Larrabee's Rasterisation Focus Confirmed

Discussion in 'Rendering Technology and APIs' started by B3D News, Apr 24, 2008.

  1. Scali

    Regular

    Joined:
    Nov 19, 2003
    Messages:
    2,127
    Likes Received:
    0
    I never said it was SMT across SIMD units, perhaps you should reread what I said, it might make more sense.
     
  2. 3dilettante

    Legend Alpha

    Joined:
    Sep 15, 2003
    Messages:
    8,579
    Likes Received:
    4,799
    Location:
    Well within 3d
    Your description pretty much stated the expectation that there would be 4 16-wide SIMD instructions executing simultaneously.
    Unless there were 4 such units, this would not be the case.

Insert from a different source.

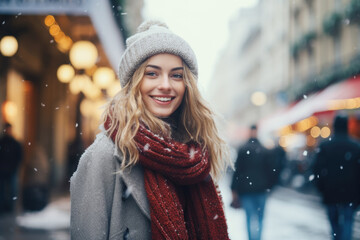 Wall Mural - Portrait of beautiful young happy woman in winter clothes at street Christmas market in Paris. Real people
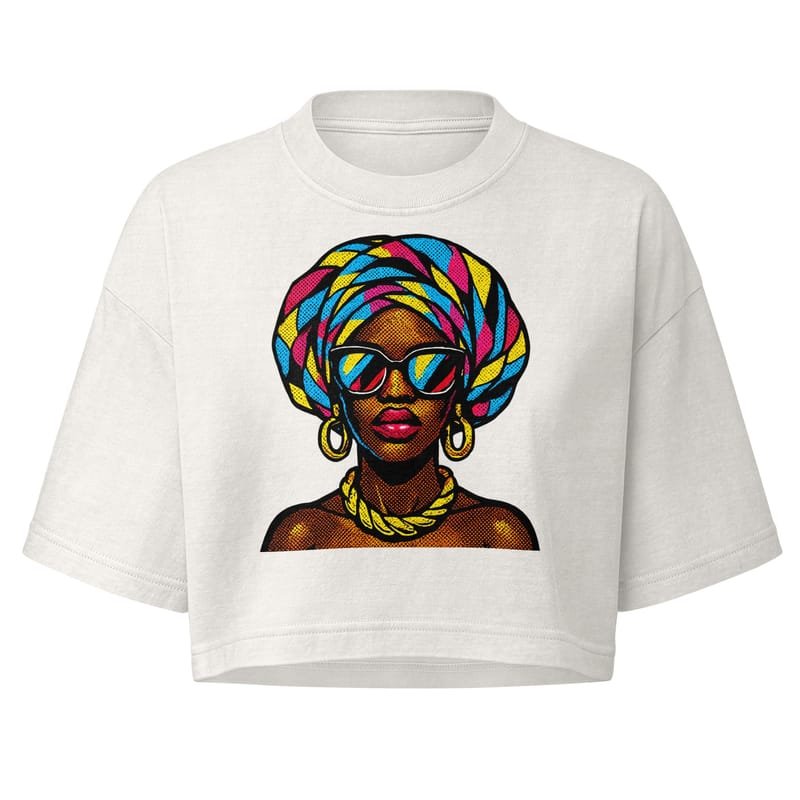 Women’s garment dye cropped tee Pop-Art Queen with Kaleidoscopic Headwrap-Original - Image 3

    In the case of Larrabee's vector code, it's not significantly different.
    The behavior of the individual units in the GPU is like an SSE unit running a multi-cycle instruction with a throughput less than one per cycle, except that in this case the throughput is higher for the GPU.

    It misses the point.
    Pipelines on separate issue ports can share hardware.
    Complex operations can monoplize enough hardware to prevent all FP issue, and possibly even some complex scalar operations, depending on how much is shared.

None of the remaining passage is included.